Fludgate applied for the original permit on Nov. 17, 2008 and it was signed by Carl Faust, the township's Uniform Code Officer, on Nov. 13, 2009.
Construction began late summer in 2010. The sign was an investment of about $35,000 and that another $25,000 covered the cost of development and installation of the base and support.
After Fludgate applied for the permit, the township adopted an ordinance that pertains to electronic signs in June 2009 which now requires applicants to seek conditional approval from township supervisors.
Fludgate rented space out on the sign to help pay the costs for it, plus she advertised other businesses within the building and off site businesses. The variance was granted with two stipulations, that there must not be too much brightness in the sign that would distract motorists, plus that the interval between messages must be no less than 15 seconds.

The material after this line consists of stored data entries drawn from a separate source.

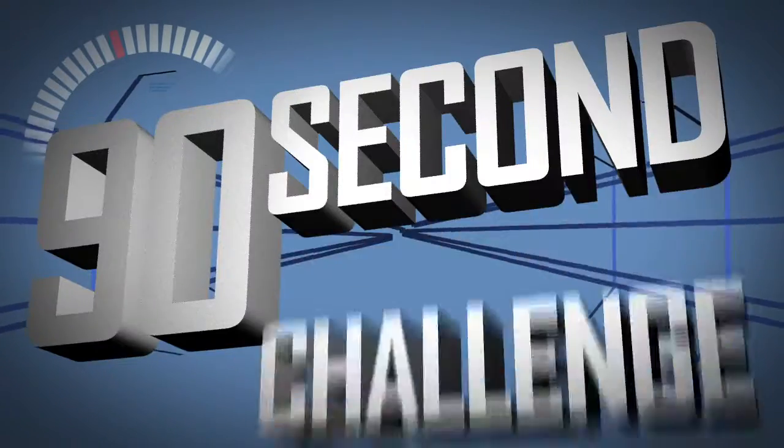Hey guys, for today's 90-second challenge, I'm gonna be designing a new fruit. 90 Second Challenge! Alright, Gabriel, you've got 90 seconds to think into existence a new type of fruit. You ready? Yeah, I'm ready. Alright, 3, 2, 1, go!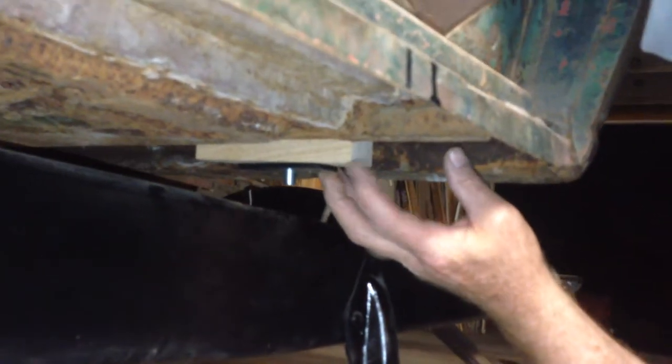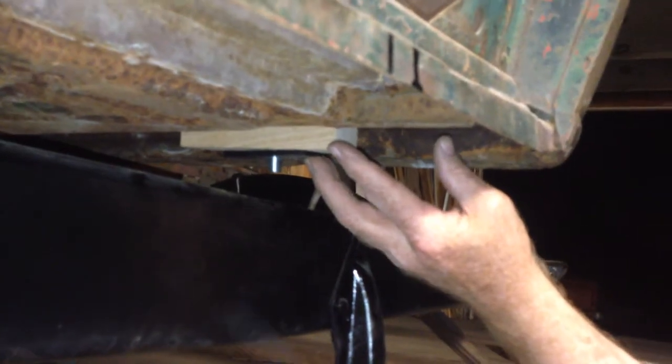Now we're back putting them together, getting that last bottom piece of wood in. There we go. Can you go ahead and start lowering that guy down? That guy should slide right in. He lined up. We got that one.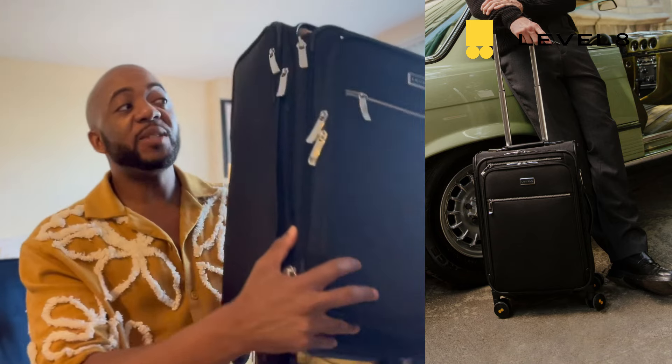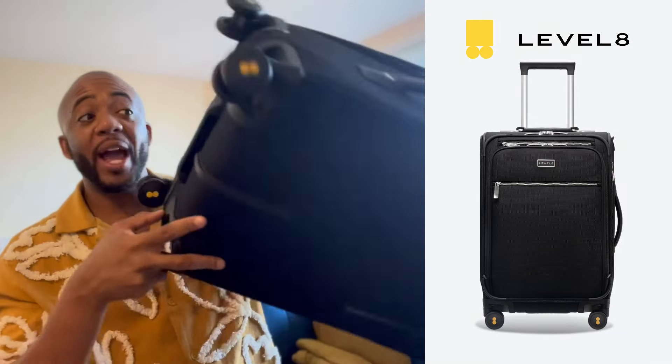Today I come before you with another exciting essential item that I am using from level8cases.com. This bag is sturdy. This is literally what it looks like. I have no scratches.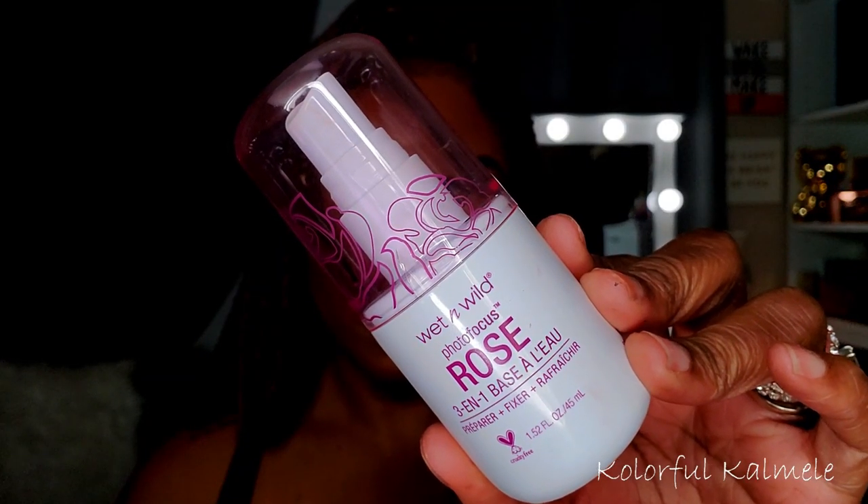For lips I'm going in with the ColourPop BFF lip liner — one of my favorites. I'm using one of my lipsticks, a Pop Feel lip cream matte in the shade LA 10. I thought this color went beautifully with this eye look, and I'm topping that off with my ELF Mocha Twist gloss of course. I really like how this lip turned out.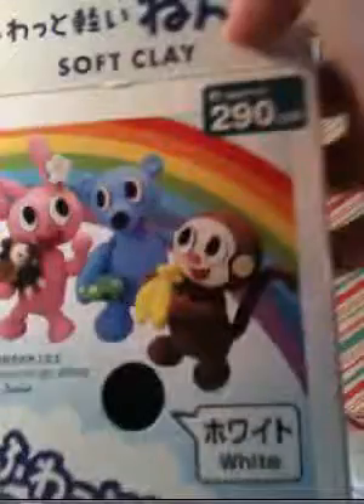And then I got this soft clay. I got it in white, and it's really soft. I'll be using this clay for my decoden pieces.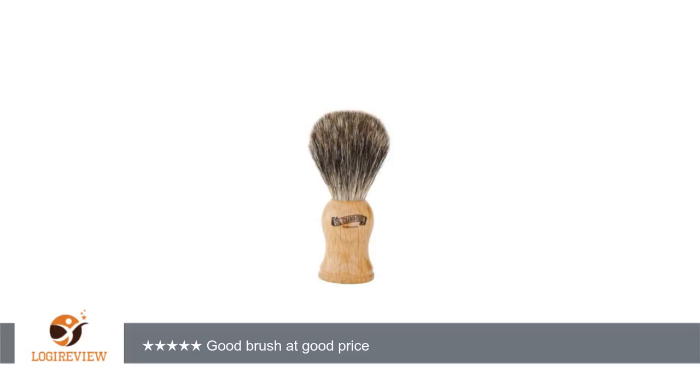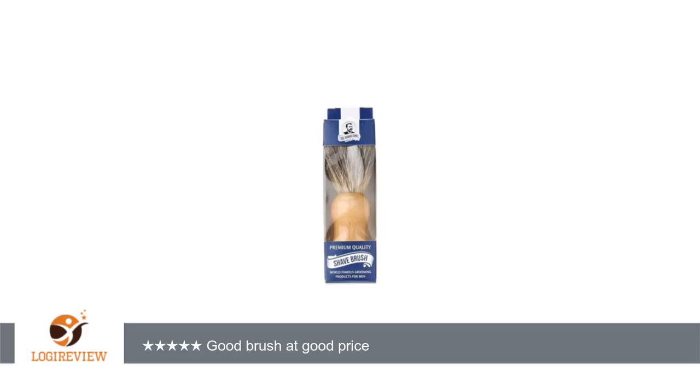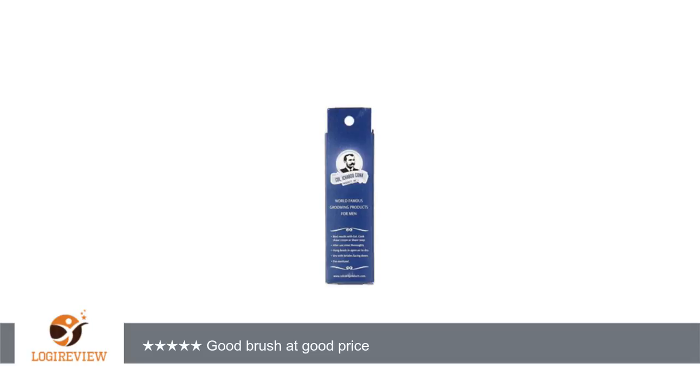A customer wrote: Well built brush that hardly sheds. I think it lost 3 bristles in the first few uses, then none since. One of the other reviewers mentioned it was too prickly for them, and I can confirm that these are stiff bristles.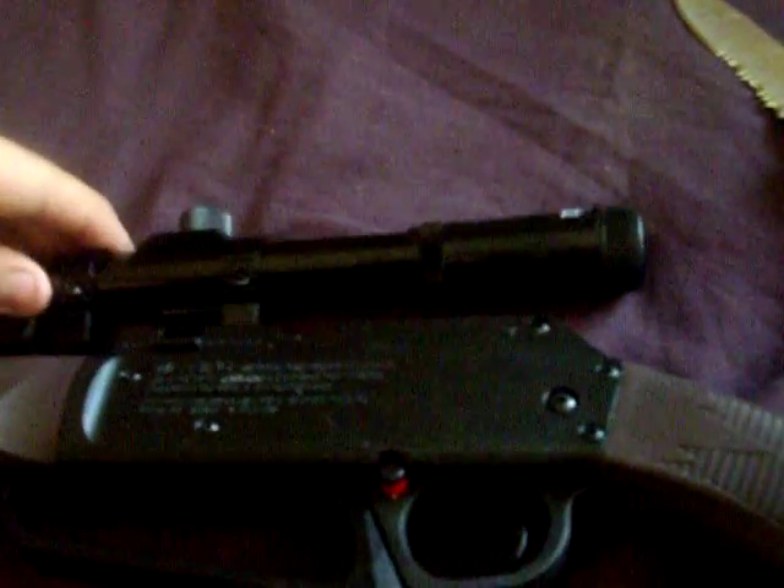This is the scope — let me open it. A brand new scope, oh sweet, with caps! Thank you, Daisy, this is great. And that's all I have to say. Got my new gun and it's free — I did have to pay for the first one.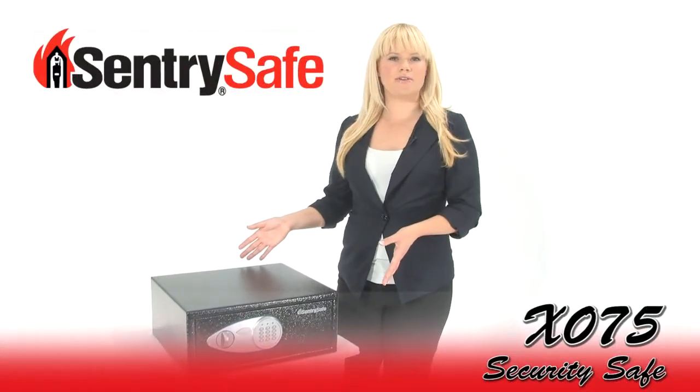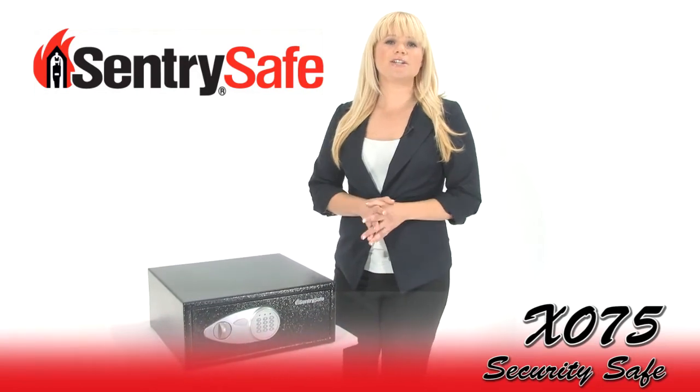Hi, I'm Holly with Mono Machines. This is the Century Safe X75 Security Safe. It's a great addition to any home or small office because it protects your important valuables and documents. I'm gonna show you how to use it.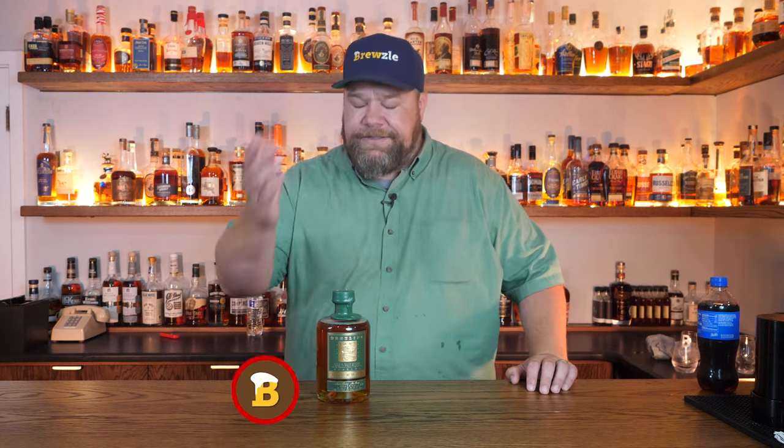My name is TJ Gamble and this is Bruzzle, which is just an elaborate attempt to make my bourbon selection a tax deduction. How is it a write-off? They just write it off. If you're into having fun with your bourbon and you don't take things too seriously and you want to help me reach my tax goals, then consider subscribing. Hit that like button for me, that would help me out a whole bunch and let's get into it.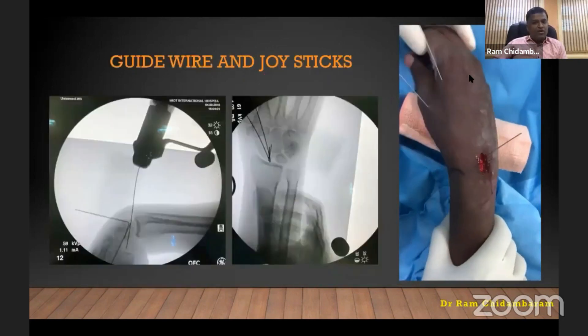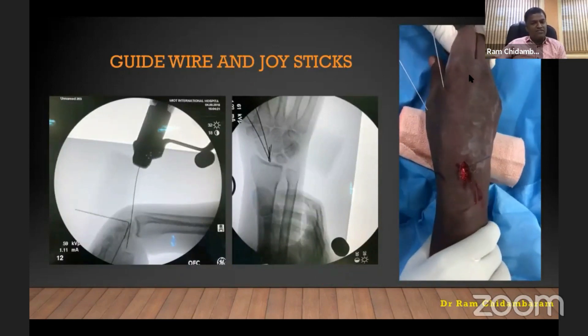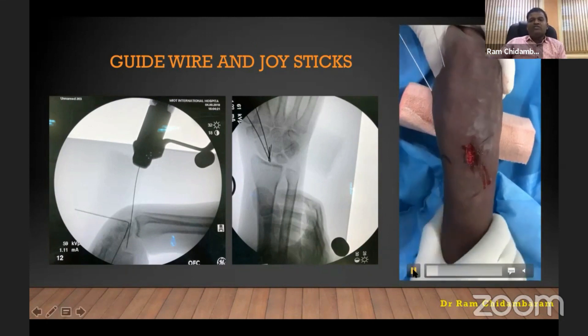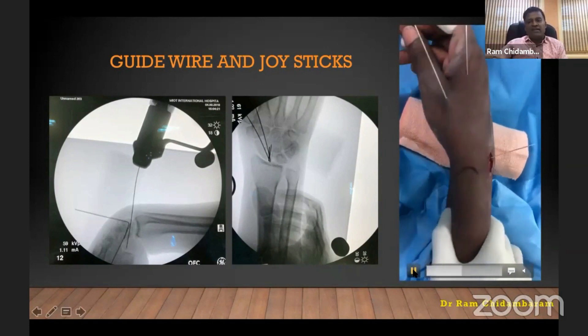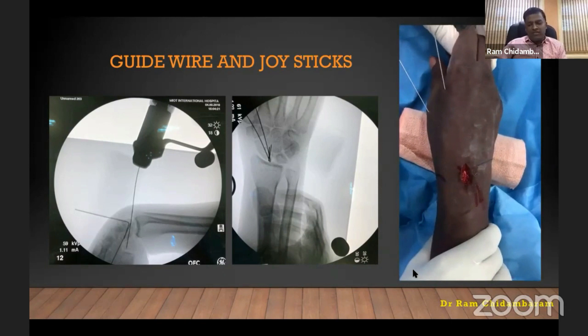Once the capsule is opened, put the wire from the dorsal approach with the wrist completely flexed and pronated. You cannot do a lateral AP view at this point. As you can see in the clinical video, the two wires are being pushed distally. The joystick wire is holding the fracture. Now do the fluoroscopy screening to make sure you are satisfied.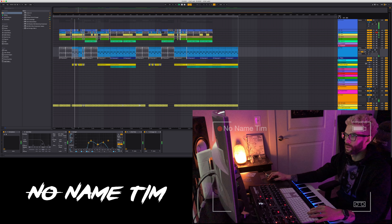What's up everybody, NoNameTim here, and today I'm going to be breaking down how I produce 'Purge' off of Jayzak's All Fired Up EP.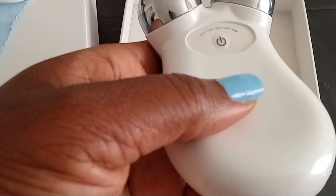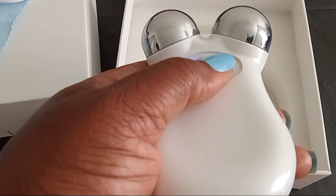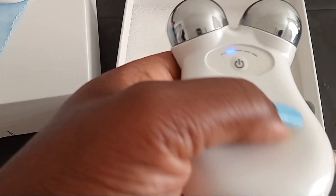It does have five levels. I started off on the lowest level and made sure that I use ultrasound gel. And this device has been helping me.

Fludgate asked supervisors if she can raise the sign about five feet to allow it to be seen from the highway. She said that the sign was not a small investment and she asked if supervisors could let her move up the sign or did she have to apply for a variance.
Rod Green, chairman, said that she must apply for a variance.
Fludgate said that when she wanted to erect the sign, she followed all rules and regulations, but that her neighbor had not done so. She said he simply put up the sign without any inspections and permits.
Gary Wentz, owner of the adjoining property said that his sign merely replaces one that had been knocked down by a tractor trailer and was missing. He said he has documentation that a sign had been there. The property had been formerly been "Car Country" when he purchased the property.
"The sign is the same size and height as before," said Wentz. "It was grandfathered. I went through the township and I have photographs and documentation that the sign is at the same place and height as the previous sign. All I did was replace it. I was told I didn't need a permit to replace a sign."
Matt Neeb, Franklin Township zoning officer, said that Wentz produced a notarized document from the previous owner of the property saying that the sign was in the same location and is the same exact size as before.
"Unless someone can prove otherwise, I have to accept the paperwork as a legal document," said Neeb.
Neeb said that he did tell Fludgate that she will need to apply for a variance because she wants to raise the sign five feet because it will mean changing electricity for the digital sign and changing the support system.
"It is a nonconforming use," said Neeb. "It will require a variance."